AI技術の進化により、リーダー育成やマネジメントのあり方は大きく変わり始めています。
これまで経験や勘に頼ることが多かったリーダーシップ開発も、AIによるデータ分析や個別最適化された学習を取り入れることで、より客観的かつ効果的な育成が可能になりました。
一方で「AIでリーダーは育成できるのか」「人的資本経営にどう活用すればよいのか」「従来の研修と何が違うのか」と疑問を持つ企業も少なくありません。
本記事では、AIを活用したリーダーシップ開発の仕組みや導入メリット、企業の活用事例、人的資本経営との関係まで分かりやすく解説します。
AIで進化するリーダーシップ開発
リーダー育成というと、管理職研修やOJT、上司によるフィードバックなどが一般的です。ただ、同じ研修を受けても、必要なスキルや抱えている課題は人によって異なります。
そこで注目されているのが、AIを活用したリーダーシップ開発です。
AIを活用する大きなメリットは、リーダー育成そのものをAIに任せることではなく、一人ひとりの課題を把握し、育成や振り返りを支援できることです。
研修の受講履歴や評価データ、スキル情報などを活用すれば、「誰に、どのような育成が必要なのか」を考える材料が増えます。生成AIを使ってケーススタディやロールプレイを行い、日常的なトレーニングに活用する方法もあります。
デジタル時代に求められるリーダー像
リーダーに求められる役割も変わっています。上司が答えを持ち、部下に指示を出すだけでは、変化の速い市場や多様な働き方に対応することが難しくなっています。

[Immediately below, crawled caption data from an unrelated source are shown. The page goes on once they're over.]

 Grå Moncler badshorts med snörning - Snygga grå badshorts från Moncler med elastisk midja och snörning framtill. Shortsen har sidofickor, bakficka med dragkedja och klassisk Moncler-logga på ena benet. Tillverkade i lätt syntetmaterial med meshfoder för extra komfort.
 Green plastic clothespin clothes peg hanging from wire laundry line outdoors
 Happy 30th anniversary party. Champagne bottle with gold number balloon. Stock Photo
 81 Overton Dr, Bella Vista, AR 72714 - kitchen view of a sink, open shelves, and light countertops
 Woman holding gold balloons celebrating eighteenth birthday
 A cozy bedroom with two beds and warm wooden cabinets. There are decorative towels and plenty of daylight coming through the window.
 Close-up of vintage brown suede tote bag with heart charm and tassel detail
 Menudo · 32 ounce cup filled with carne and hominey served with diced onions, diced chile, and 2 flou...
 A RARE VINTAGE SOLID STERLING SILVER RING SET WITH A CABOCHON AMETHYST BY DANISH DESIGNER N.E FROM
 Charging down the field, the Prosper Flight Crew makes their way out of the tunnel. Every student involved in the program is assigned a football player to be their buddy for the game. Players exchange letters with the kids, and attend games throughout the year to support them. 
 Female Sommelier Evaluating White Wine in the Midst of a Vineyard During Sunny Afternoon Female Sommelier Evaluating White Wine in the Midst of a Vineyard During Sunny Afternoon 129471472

現在のリーダーには、状況に応じて判断する力はもちろん、メンバーの意見を引き出す力、異なる価値観を受け入れる姿勢、チームとして成果を出すためのマネジメント力などが求められます。
特に重要なのは「優秀なプレイヤーを管理職にする」ことと「リーダーとして必要な能力を育てる」ことを分けて考えることです。
営業成績や業務スキルが高くても、部下の育成やチームマネジメントが得意とは限りません。本人の経験だけに任せるのではなく、必要な能力を整理し、継続的に育成していく仕組みが必要です。
従来型リーダー研修の限界と課題
従来のリーダー研修にも一定の効果はあります。ただし、全員が同じ講義やグループワークを受けるだけでは、一人ひとりの課題に合わせた育成が難しいという問題があります。
たとえば、新任管理職のなかでも「部下へのフィードバックが苦手な人」と「意思決定に時間がかかる人」では、伸ばすべき能力が違います。それでも同じ研修を受けて終わってしまえば、現場で必要な行動変容につながらないことがあります。
また、研修を実施したことで満足してしまい「研修後に本人の行動がどう変わったのか」「チームにどのような変化があったのか」まで確認できていない企業も少なくありません。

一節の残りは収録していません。